Pompeii is one of the worlds most fascinating and historical UNESCO World Heritage Sites. It was founded around the 7th–6th century BC by the Osci or Oscans, a people of central Italy, on what was an important crossroad between Cumae, Nola and Stabiae.

Situated about about 8 kilometres away from Mount Vesuvius, it covers a total area of 163 acres, and in its day was a major city in the Italian region of Campania. Pompeii is currently found some distance inland, but in ancient times it would have been very near to the coast.

Since the eruption of the 'still active' volcano - Vesuvius, on the 24th August 79 AD, Pompeii was buried under twelve different layers of volcanic material to a maximum depth of 25 meters.

After these thick layers of ash covered the town, Pompeii was abandoned and eventually its name and location was forgotten. 

The first time any part of Pompeii was unearthed was in 1599, when the digging of an underground channel to divert the river Sarno ran into ancient walls covered with paintings and inscriptions.

The architect Domenico Fontana was called in and he unearthed a few more frescoes, but he covered them over again, and nothing more came of the discovery. 

A wall inscription had mentioned a decurio Pompeii  - 'the town councillor of Pompeii' - but the fact that it indicated the name of an ancient Roman city hitherto unknown was missed.
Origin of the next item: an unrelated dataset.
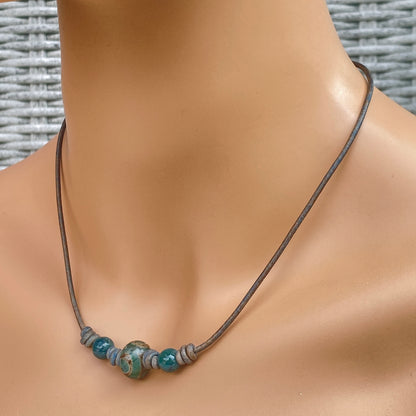 Tibetan Agate and Green Agate Leather Necklace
Luckily, it was rediscovered almost 150 years later in 1748 by the Spanish engineer, Rocque Joaquin de Alcubierre. 

The now excavated town offers a snapshot of Roman life in the 1st century, frozen at the moment it was buried.

The objects that lay beneath the city have been well preserved for thousands of years because of the lack of air and moisture. 

These artefacts provide an extraordinarily detailed insight into the life of a city during the Roman period.

Uniquely, and perhaps rather grizzly, bodies of the Pompeii citizens were found during the excavations.

At the time plaster was used to fill in the voids between the ash layers that once held the human bodies. This now allows us to see the exact position the person was in when they died.

 Don't mistake these human shapes for simple plaster castes because they are not. Within the casings are the skeletal remains still exist!

Look carefully and you can see the evidence for yourself.

Pompeii attracts more than 2.5 million tourists a year and is Italy's second most visited attraction after the Colosseum in Rome.